O bloqueio da ponte (que liga Lisboa e Almada, no distrito de Setúbal) começou ainda de madrugada quando um grupo de camionistas começou a circular em marcha lenta na autoestrada A2 e imobilizou seis camiões carregados de brita junto às portagens.
Muitos automobilistas e `motards´ juntaram-se de imediato ao protesto dos camionistas contra o aumento (de 50%) das portagens, que tinha sido aprovado cerca de cinco meses antes pelo Governo de Cavaco Silva, mas que só entrou em vigor em 18 de junho de 1994.
Como recorda Aristides Teixeira, "o então ministro das Obras Públicas, Ferreira do Amaral, justificou o aumento das portagens com a necessidade de se observar o princípio do utilizador-pagador, mas os utentes defendiam, já nessa altura, que as portagens se destinavam apenas a pagar a construção da ponte, tal como tinha sido anunciado pelo anterior regime, que previa a extinção das mesmas quando o custo da obra estivesse liquidado, o que, na realidade, nunca aconteceu".
Embora os primeiros protestos tivessem começado em 18 de junho, com muitos automobilistas a buzinarem sempre que atravessavam a ponte, o bloqueio terá apanhado o Governo de surpresa.
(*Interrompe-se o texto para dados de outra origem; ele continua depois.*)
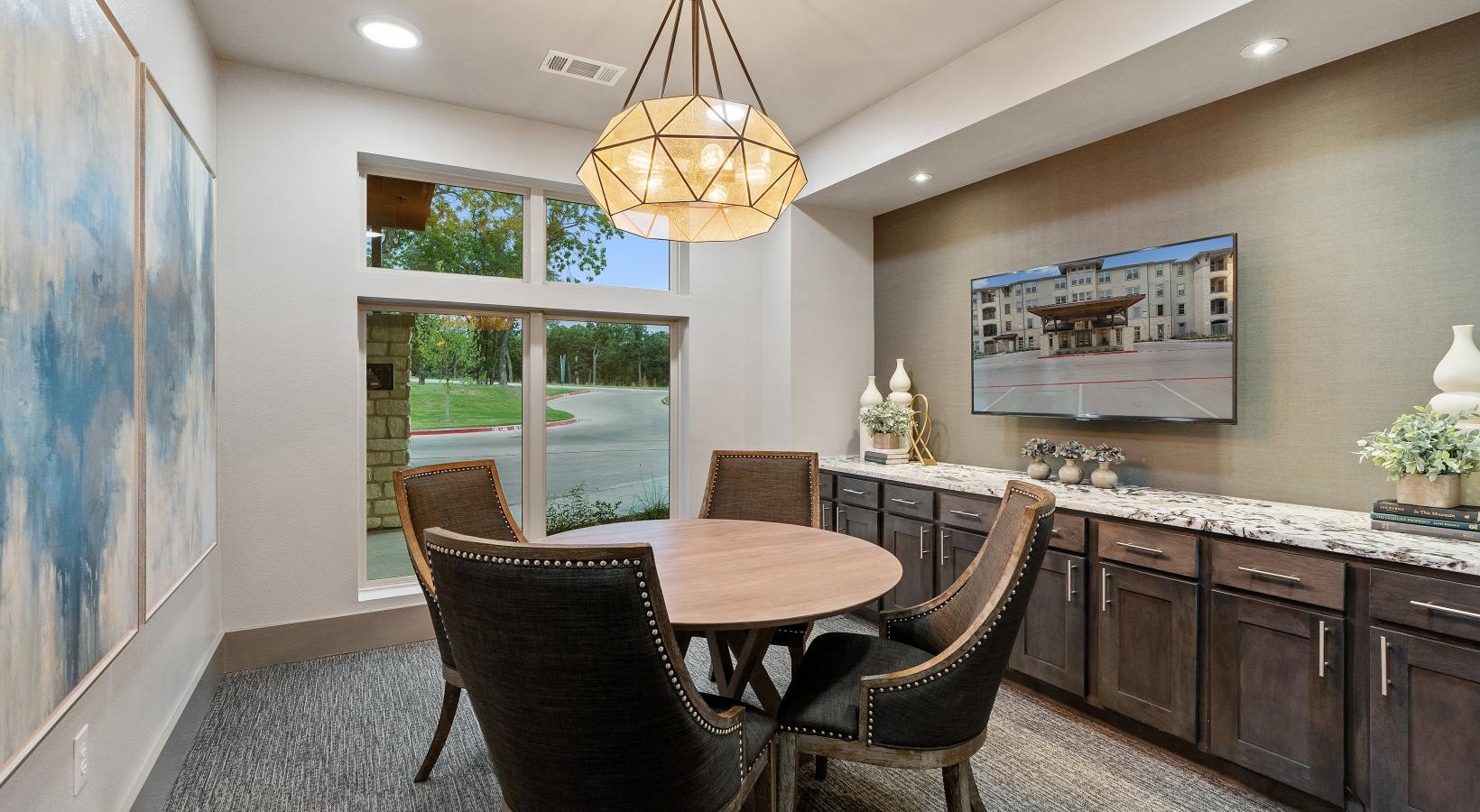 Settle into comfort at Preserve at Willow Park a work room with a chandelier and a table with seating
"Isto apanhou o Governo desprevenido. Os membros do Governo já se tinham esquecido do que tinham decidido há cinco meses e aquilo caiu-lhes quase como um presente envenenado, porque se aproximavam eleições. Não era conveniente", disse Aristides Teixeira.
"Com Mário Soares [Presidente da República] a dizer que tínhamos direito a manifestar a nossa indignação, o Governo estava perfeitamente aflito, não sabia o que fazer e a decisão que tomou só podia ser a de suspender as portagens", acrescentou.
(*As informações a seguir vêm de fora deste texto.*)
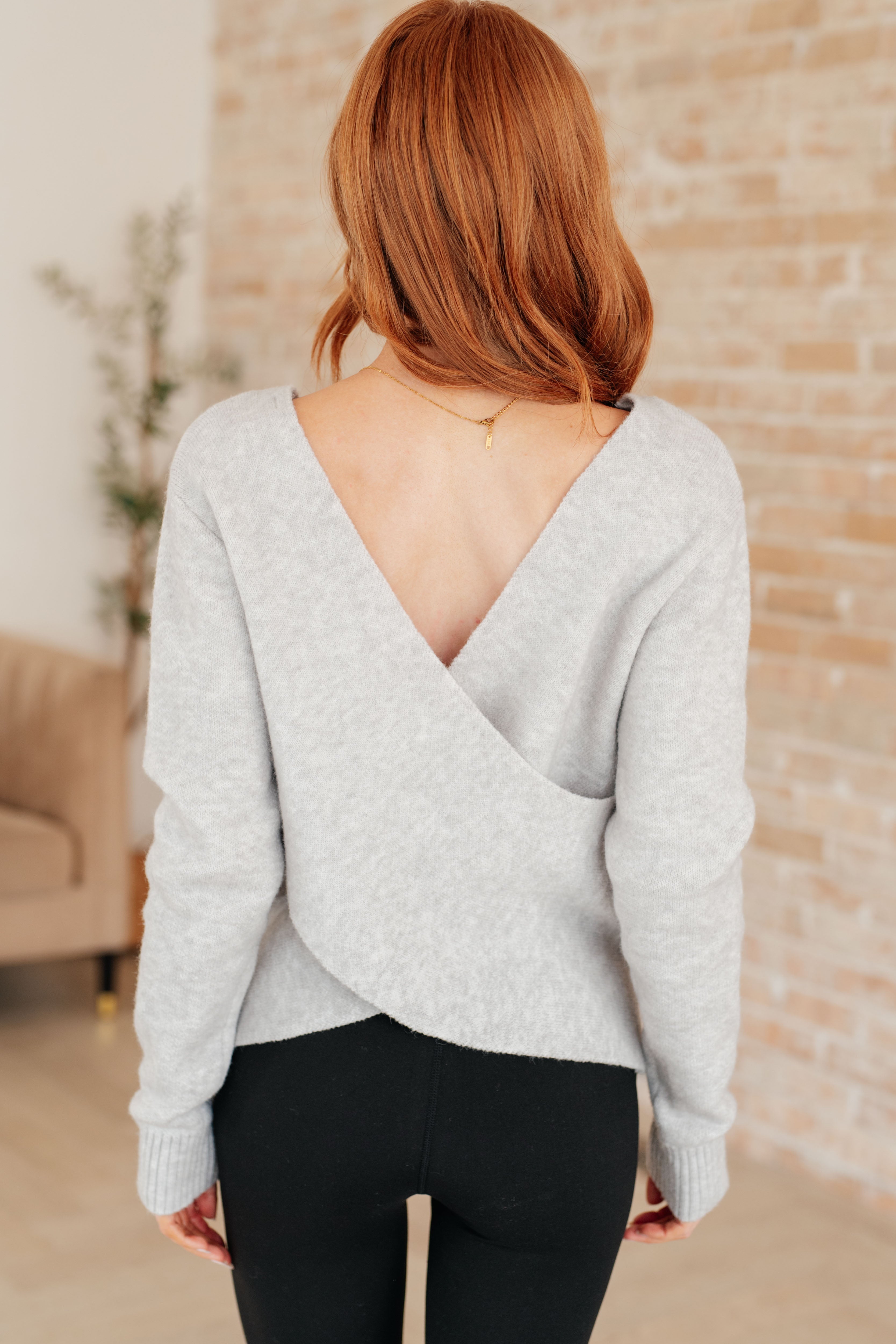 Woman with red hair wearing a light grey long-sleeve top with a deep crossover open back and black pants indoors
O bloqueio só viria a terminar ao final do dia, após uma carga policial que ocorreu depois de o então ministro da Administração Interna, Dias Loureiro, ter aterrado de helicóptero na praça da Portagem e de ali ter permanecido durante algum tempo.
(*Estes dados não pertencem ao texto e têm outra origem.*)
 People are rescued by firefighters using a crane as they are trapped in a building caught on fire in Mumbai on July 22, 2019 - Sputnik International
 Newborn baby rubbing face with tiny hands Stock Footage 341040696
A carga policial que se seguiu provocou vários feridos. Um jovem, na altura apenas com 18 anos, foi atingido por um disparo de arma de fogo, que o deixou paraplégico, mas nunca se apurou quem tinha sido ao autor desse disparo.
Três dias depois do protesto, o executivo de Cavaco Silva acabou mesmo por suspender o aumento das portagens, até setembro, enquanto os utentes e a ADUP, formalmente constituída já depois do bloqueio, reclamavam aumentos não superiores à taxa de inflação e soluções de pagamento com descontos significativos a partir de um determinado número de travessias da ponte.
Algumas dessas soluções foram mesmo implementadas e ainda se mantêm em vigor.
A Ponte 25 de Abril foi inaugurada em 6 de agosto de 1966, apenas com um tabuleiro rodoviário, e, tal como previsto desde o início da construção, acabou por ter também um tabuleiro ferroviário, a partir de 29 de julho de 1999, por onde circulam diariamente mais de uma centena de comboios.
Ao nível do fluxo rodoviário, em 1970 atravessaram a ponte cerca de seis milhões de veículos (6.133.000), enquanto em 2015 foram mais de 50 milhões de viaturas (50.564.545).
Porém, segundo o Instituto Nacional de Estatística (INE), foi em 2005 que se verificou a mais elevada afluência de que há registo, com a circulação de mais de 57 milhões de viaturas (57.028.695).
Quando a ponte foi inaugurada, em 1966, o preço da portagem para uma viatura de classe 1 era de apenas dez escudos. Atualmente, o mesmo tipo de viaturas paga 1,85 euros (o equivalente a cerca de 370 escudos na antiga moeda portuguesa) pela travessia, no sentido sul-norte.
A agência Lusa tentou ouvir o então ministro das Obras Públicas, Ferreira do Amaral, que desde 2008 é membro não-executivo do conselho de administração da Lusoponte, mas não foi possível.